Le projet de loi de finances 2013 a déclenché, pour la première fois, la fronde d’une catégorie de la population d’ordinaire très réservée : les entrepreneurs, les chefs d’entreprise et les business angels. En cause notamment, une disposition fiscale qui prévoyait la hausse du taux sur les plus-values de cession pouvant atteindre 60,5 %, un taux considéré comme confiscatoire par ceux qui se sont donnés corps et âme à leurs entreprises, avec une prise de risque quasi-permanente. Au final, le gouvernement a consenti quelques amendements, rendant ce projet plus acceptable, au prix malheureusement d’une nouvelle usine à gaz fiscale. Mais ce funeste épisode laissera des traces : les dirigeants des PME de ce pays (dont il faut rappeler qu’elles représentent 85 % des emplois créés) se considèrent comme les mal-aimés d’un système. La France est pointée du doigt comme un pays où règne une atmosphère de lutte des classes d’un autre temps. Quant à la jeune génération, résignée, elle a renoncé à l’idée de créer et d’entreprendre.

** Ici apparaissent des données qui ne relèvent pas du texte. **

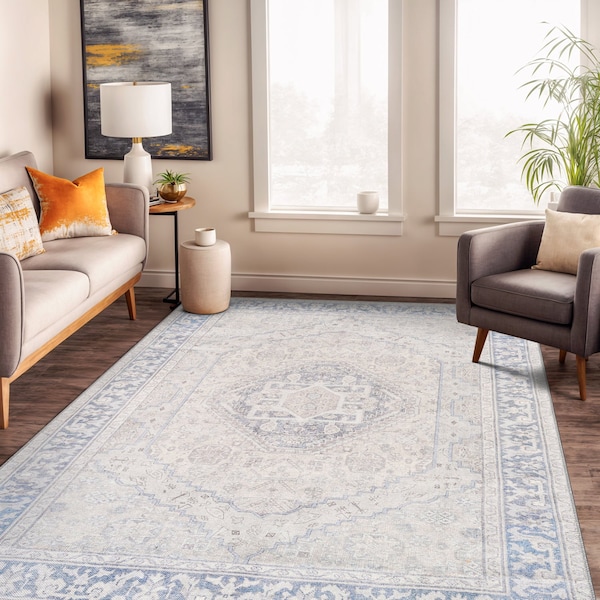 World Rug Gallery Blue Vintage Medallion Washable Rug - Flat Pile for Living Room or Kitchen 5 ft x 7 ft WR170BLUE5X7 - main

Voici donc les conséquences d’une disposition budgétaire qui ne rapportera au final “que” 250 millions d’euros à l’État. Tout ça, pour ça… Est-ce bien raisonnable ? Mais, par-dessus tout, ce que cette séquence démontre, c’est le décalage sidéral qui existe entre nos hommes politiques (majorité comme opposition) et les entreprises, l’unité de base de l’économie ! Elles emploient l’essentiel des actifs. C’est souvent d’elles que vient l’innovation. Parmi les 37 ministres du gouvernement actuel, aucun ne dispose d’une expérience significative dans une entreprise privée ! Comment donner du crédit à un gouvernement dont les membres ignorent manifestement son fonctionnement ?

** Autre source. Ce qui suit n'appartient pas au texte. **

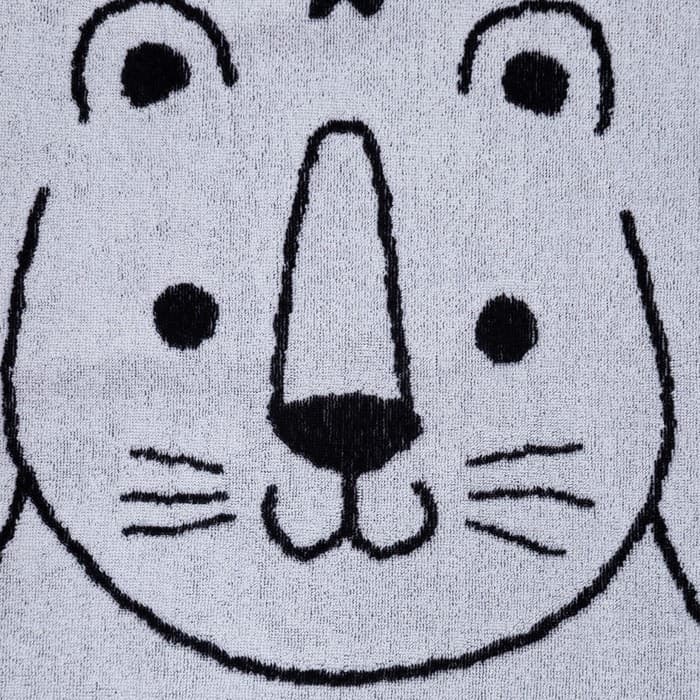 Полотенце махровое «Этель.Тигруля», 70×130 см, хлопок 100%, чёрно-белое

Amis entrepreneurs, la politique ne doit plus être maintenant le monopole des politiciens de métier. Chacun peut se revendiquer femme ou homme politique. La société civile regorge de personnes passionnées qui développent des idées innovantes, parfois iconoclastes. Il ne serait pas superflu qu’un entrepreneur, qu’un salarié, au même titre qu’un fonctionnaire, puisse servir la Nation cinq ans de sa vie en exerçant, par exemple, un mandat de parlementaire.

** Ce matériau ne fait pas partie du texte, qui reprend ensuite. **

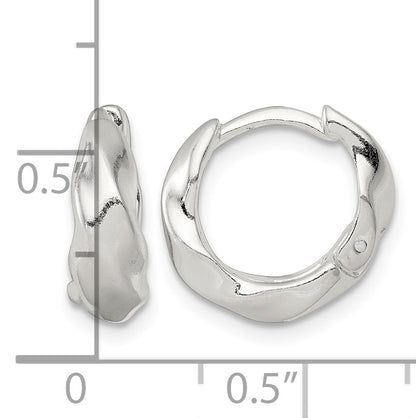Sterling Silver Polished Twisted Tapered Round Hinged Hoop Earrings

Amis entrepreneurs, je ne vous apprendrai rien en vous disant que notre civilisation connaît une mutation gigantesque. Plus personne ne peut imaginer que le monde pourra continuer de fonctionner avec les règles du jeu actuelles dans les 20 ou 30 prochaines années. Tant de choses devront être profondément repensées : notre rapport au progrès, à l’argent, à l’économie matérielle… Dans un tel contexte, comment ne pas imaginer aussi un nouveau rapport à la politique ? D’autant que les valeurs qui doivent être mises en exergue dans ce nouveau monde sont celles de l’entreprise : l’innovation, la création, la conquête, l’ambition, l’aventure humaine…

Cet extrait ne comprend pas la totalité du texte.